» What the exercise asks: Everything from the line containing "6pcs D Shape" through the last line of the data below is to be retyped exactly, apart from the pictures.
(Input data Opens)
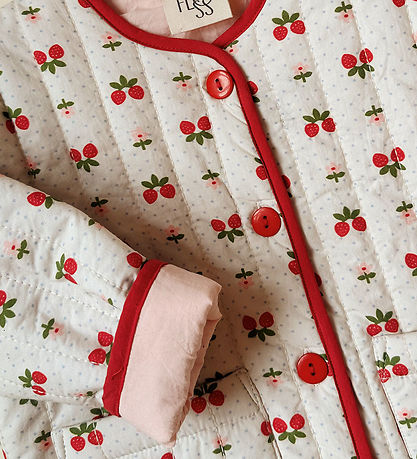 Flöss Jacke - Sofia - Soft White Berry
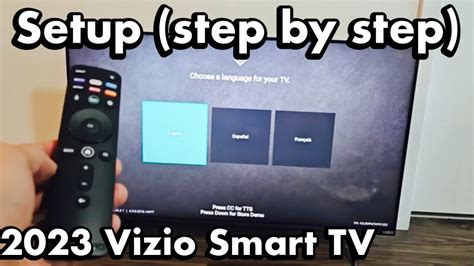 2023 Vizio Smart TV How to Setup (step by step) YouTube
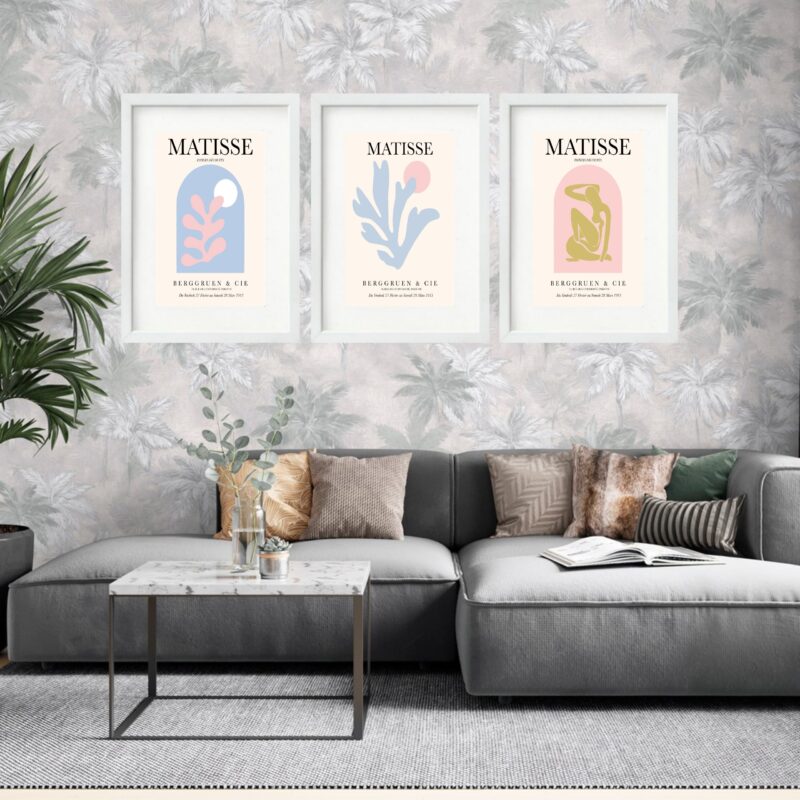 Kit 3 Quadros Grandes Matisse Berggruen & Cie Collection 60x48cm - Image 2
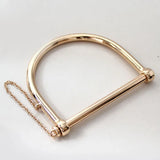 6pcs D Shape Bracelet Tassel Cuff Bangle Beaded Costume Jewelry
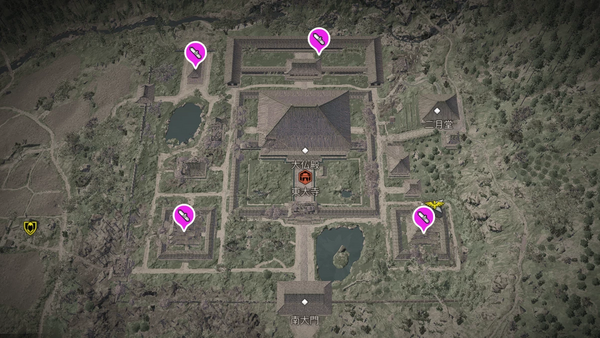 東大寺（アサクリ）の紙片map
(Input data Closes)
» Result for this exercise:
 6pcs D Shape Bracelet Tassel Cuff Bangle Beaded Costume Jewelry
 東大寺（アサクリ）の紙片map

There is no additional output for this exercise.